どうしても時間がかかることが難点でした。

2021年4月以降は、

  • 非居住者の方が届出書・添付書類をデータ(PDF)で支払者に提出
  • 支払者がデータ(PDF)を添付の上e-Tax(電子申告)により税務署へ提出

することができるようになりました。

 

要件

非居住者の要件

自身の氏名又は名称を明らかにするために、以下のいずれかの措置を行う必要があります。

  1. 租税条約の届出書・添付書類データに電子署名を行い、電子証明書を付して支払者に送信する。
  2. 支払者から通知されたID・パスワードを使って届出書・添付書類データを送信する。
  3. 支払者に身元確認書類(外国の官公署から発行されたもので、氏名又は名称・住所又は本店若しくは主たる事務所の所在地が記載されたもの)を提示し、届出書データ・添付書類データと同一であることの確認を支払者から受ける。

1.は、非居住者の方が電子証明書を有していなければいけないのでハードルが高めです。

2.は、支払者の独自データベースや、外部のクラウドストレージ等を想定した方法と考えられます。

3.は、非居住者が身元確認書類を準備する必要がありますが、メール添付等で確認さえ受ければ問題ないので1,2のようにシステムを有していなくても可能です。

なお、非居住者の方が送信する添付データのうち、第三者作成書類(居住者証明など)は、以下の要件を満たす必要があります。

  • 解像度が200dpi以上であること。
  • 赤色、緑色及び青色の階調が256階調以上(24ビットカラー)であること。
  • ファイル形式がPDF形式であること。(JPEGなどの画像形式はNG)

古いカメラ・スマホを使っていなければ、ほぼ大丈夫でしょう。

 

支払者(源泉徴収義務者)の要件

非居住者が届出書データの提供を行うために、支払者は次の要件をすべて満たす必要があります。

  1. 非居住者が提出するデータの提供を受けることができる状態であること。
  2. 非居住者から提供を受けたデータについて、非居住者を特定するための必要な措置をしていること。
  3. 非居住者から提供を受けたデータについて、ディスプレイ等への出力及び書面への出力ができること。

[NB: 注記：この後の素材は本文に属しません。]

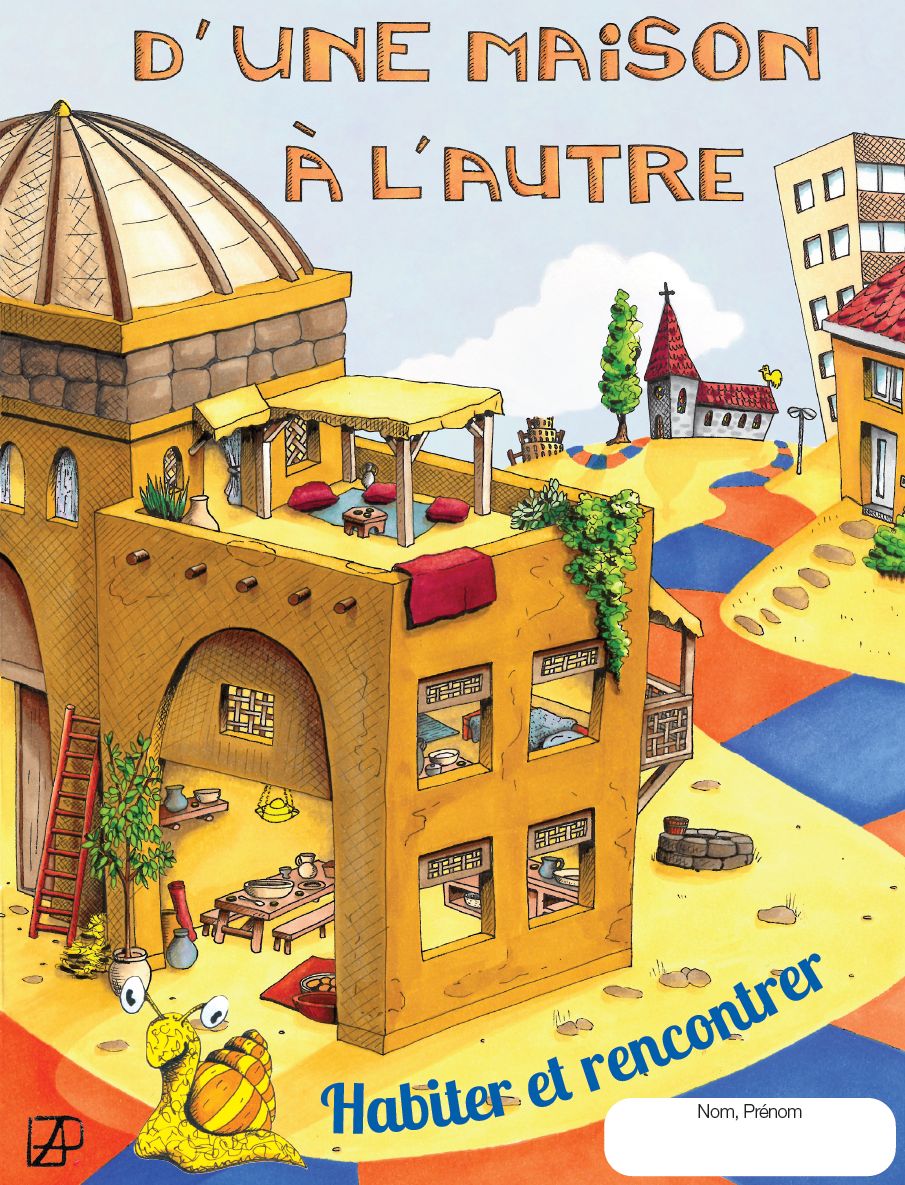 D’une maison à l’autre. Dépliant enfants & familleS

通常の取引の管理体制とIT環境(インターネット、メール、ディスプレイ、プリンタなど)が整っていれば、問題ないでしょう。

 

e-Taxをする際の要件

支払者(源泉徴収義務者)は、e-Taxをする際に

届出書データに電子署名を行い、電子証明書を付して送信する必要があります。

e-Taxを行うには

  • 利用者識別番号の取得(誰でもe-TaxのHPから取得できます)
  • 会社の電子証明書又は社長のマイナンバーカード
  • ICカードリーダライタ(電子証明書を読み取る装置。家電量販店で売っています)

が必要です。

送信するデータの要件は、非居住者の方が支払者に送信する第三者作成添付書類と同様、

  • 解像度が200dpi以上であること。
  • 赤色、緑色及び青色の階調が256階調以上(24ビットカラー)であること。
  • ファイル形式がPDF形式であること。(JPEGなどの画像形式はNG)

の3つです。

第三者作成書類以外の書類(特典条項に関する付表等)も、上記の要件を満たした上で非居住者の方からあらかじめ送信いただいたほうが良いでしょう。

 

まとめ

2021年4月より、租税条約の届出をe-Taxで行うための手続を説明しました。

国境を越えるアナログな書類のやり取りは大変ですので、是非e-Taxをご活用ください。